_WHAT YOU WILL DO:_ Write down every entry once more, exactly as it reads.

_RECORDS TO USE:_
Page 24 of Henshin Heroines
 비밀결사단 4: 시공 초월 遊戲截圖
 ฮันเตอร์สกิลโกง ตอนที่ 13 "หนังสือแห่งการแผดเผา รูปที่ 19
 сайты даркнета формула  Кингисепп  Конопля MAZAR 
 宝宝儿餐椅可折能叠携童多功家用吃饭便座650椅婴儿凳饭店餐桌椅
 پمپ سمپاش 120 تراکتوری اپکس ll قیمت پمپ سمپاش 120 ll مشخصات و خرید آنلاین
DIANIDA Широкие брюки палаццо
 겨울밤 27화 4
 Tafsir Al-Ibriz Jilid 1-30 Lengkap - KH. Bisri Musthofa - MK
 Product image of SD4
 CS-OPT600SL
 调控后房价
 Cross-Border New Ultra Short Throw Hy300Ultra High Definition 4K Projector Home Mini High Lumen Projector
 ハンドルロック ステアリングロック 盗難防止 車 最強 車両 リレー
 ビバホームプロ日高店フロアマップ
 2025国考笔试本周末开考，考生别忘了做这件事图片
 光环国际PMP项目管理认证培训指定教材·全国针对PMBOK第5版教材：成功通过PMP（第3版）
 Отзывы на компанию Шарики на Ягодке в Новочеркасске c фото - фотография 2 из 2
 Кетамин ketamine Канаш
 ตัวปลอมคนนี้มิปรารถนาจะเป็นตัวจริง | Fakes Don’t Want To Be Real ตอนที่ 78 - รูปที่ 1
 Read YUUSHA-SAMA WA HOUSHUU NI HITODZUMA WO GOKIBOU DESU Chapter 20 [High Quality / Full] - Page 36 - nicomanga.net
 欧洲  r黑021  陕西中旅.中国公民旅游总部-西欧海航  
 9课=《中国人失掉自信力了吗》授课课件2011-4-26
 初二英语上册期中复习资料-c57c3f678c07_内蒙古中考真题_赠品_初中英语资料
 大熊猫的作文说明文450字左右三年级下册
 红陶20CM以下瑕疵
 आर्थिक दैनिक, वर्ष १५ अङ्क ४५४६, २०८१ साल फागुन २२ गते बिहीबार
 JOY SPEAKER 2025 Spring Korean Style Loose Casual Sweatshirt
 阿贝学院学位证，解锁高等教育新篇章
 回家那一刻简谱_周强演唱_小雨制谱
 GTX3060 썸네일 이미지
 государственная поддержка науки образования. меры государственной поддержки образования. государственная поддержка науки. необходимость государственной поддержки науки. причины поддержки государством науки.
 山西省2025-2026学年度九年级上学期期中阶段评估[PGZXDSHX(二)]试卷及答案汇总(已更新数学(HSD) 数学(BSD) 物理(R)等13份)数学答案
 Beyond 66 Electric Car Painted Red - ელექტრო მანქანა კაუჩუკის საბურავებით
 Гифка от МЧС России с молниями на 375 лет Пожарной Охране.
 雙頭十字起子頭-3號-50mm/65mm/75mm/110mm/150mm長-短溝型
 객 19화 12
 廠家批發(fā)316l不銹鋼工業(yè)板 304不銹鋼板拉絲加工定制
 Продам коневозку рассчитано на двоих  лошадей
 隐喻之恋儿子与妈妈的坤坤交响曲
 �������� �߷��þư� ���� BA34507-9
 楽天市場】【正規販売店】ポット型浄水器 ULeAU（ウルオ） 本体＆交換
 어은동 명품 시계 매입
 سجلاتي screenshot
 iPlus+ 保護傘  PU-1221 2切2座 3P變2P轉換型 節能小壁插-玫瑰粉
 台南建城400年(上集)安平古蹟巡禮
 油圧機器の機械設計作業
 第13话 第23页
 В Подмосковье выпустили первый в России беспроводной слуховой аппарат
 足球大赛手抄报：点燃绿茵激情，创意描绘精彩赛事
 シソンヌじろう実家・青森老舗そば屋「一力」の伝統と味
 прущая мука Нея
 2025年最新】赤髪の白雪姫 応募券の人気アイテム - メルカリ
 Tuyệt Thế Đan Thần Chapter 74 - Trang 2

_WRITTEN ANSWER:_
Page 24 of Henshin Heroines
 비밀결사단 4: 시공 초월 遊戲截圖
 ฮันเตอร์สกิลโกง ตอนที่ 13 "หนังสือแห่งการแผดเผา รูปที่ 19
 сайты даркнета формула  Кингисепп  Конопля MAZAR 
 宝宝儿餐椅可折能叠携童多功家用吃饭便座650椅婴儿凳饭店餐桌椅
 پمپ سمپاش 120 تراکتوری اپکس ll قیمت پمپ سمپاش 120 ll مشخصات و خرید آنلاین
DIANIDA Широкие брюки палаццо
 겨울밤 27화 4
 Tafsir Al-Ibriz Jilid 1-30 Lengkap - KH. Bisri Musthofa - MK
 Product image of SD4
 CS-OPT600SL
 调控后房价
 Cross-Border New Ultra Short Throw Hy300Ultra High Definition 4K Projector Home Mini High Lumen Projector
 ハンドルロック ステアリングロック 盗難防止 車 最強 車両 リレー
 ビバホームプロ日高店フロアマップ
 2025国考笔试本周末开考，考生别忘了做这件事图片
 光环国际PMP项目管理认证培训指定教材·全国针对PMBOK第5版教材：成功通过PMP（第3版）
 Отзывы на компанию Шарики на Ягодке в Новочеркасске c фото - фотография 2 из 2
 Кетамин ketamine Канаш
 ตัวปลอมคนนี้มิปรารถนาจะเป็นตัวจริง | Fakes Don’t Want To Be Real ตอนที่ 78 - รูปที่ 1
 Read YUUSHA-SAMA WA HOUSHUU NI HITODZUMA WO GOKIBOU DESU Chapter 20 [High Quality / Full] - Page 36 - nicomanga.net
 欧洲  r黑021  陕西中旅.中国公民旅游总部-西欧海航  
 9课=《中国人失掉自信力了吗》授课课件2011-4-26
 初二英语上册期中复习资料-c57c3f678c07_内蒙古中考真题_赠品_初中英语资料
 大熊猫的作文说明文450字左右三年级下册
 红陶20CM以下瑕疵
 आर्थिक दैनिक, वर्ष १५ अङ्क ४५४६, २०८१ साल फागुन २२ गते बिहीबार
 JOY SPEAKER 2025 Spring Korean Style Loose Casual Sweatshirt
 阿贝学院学位证，解锁高等教育新篇章
 回家那一刻简谱_周强演唱_小雨制谱
 GTX3060 썸네일 이미지
 государственная поддержка науки образования. меры государственной поддержки образования. государственная поддержка науки. необходимость государственной поддержки науки. причины поддержки государством науки.
 山西省2025-2026学年度九年级上学期期中阶段评估[PGZXDSHX(二)]试卷及答案汇总(已更新数学(HSD) 数学(BSD) 物理(R)等13份)数学答案
 Beyond 66 Electric Car Painted Red - ელექტრო მანქანა კაუჩუკის საბურავებით
 Гифка от МЧС России с молниями на 375 лет Пожарной Охране.
 雙頭十字起子頭-3號-50mm/65mm/75mm/110mm/150mm長-短溝型
 객 19화 12
 廠家批發(fā)316l不銹鋼工業(yè)板 304不銹鋼板拉絲加工定制
 Продам коневозку рассчитано на двоих  лошадей
 隐喻之恋儿子与妈妈的坤坤交响曲
 �������� �߷��þư� ���� BA34507-9
 楽天市場】【正規販売店】ポット型浄水器 ULeAU（ウルオ） 本体＆交換
 어은동 명품 시계 매입
 سجلاتي screenshot
 iPlus+ 保護傘  PU-1221 2切2座 3P變2P轉換型 節能小壁插-玫瑰粉
 台南建城400年(上集)安平古蹟巡禮
 油圧機器の機械設計作業
 第13话 第23页
 В Подмосковье выпустили первый в России беспроводной слуховой аппарат
 足球大赛手抄报：点燃绿茵激情，创意描绘精彩赛事
 シソンヌじろう実家・青森老舗そば屋「一力」の伝統と味
 прущая мука Нея
 2025年最新】赤髪の白雪姫 応募券の人気アイテム - メルカリ
 Tuyệt Thế Đan Thần Chapter 74 - Trang 2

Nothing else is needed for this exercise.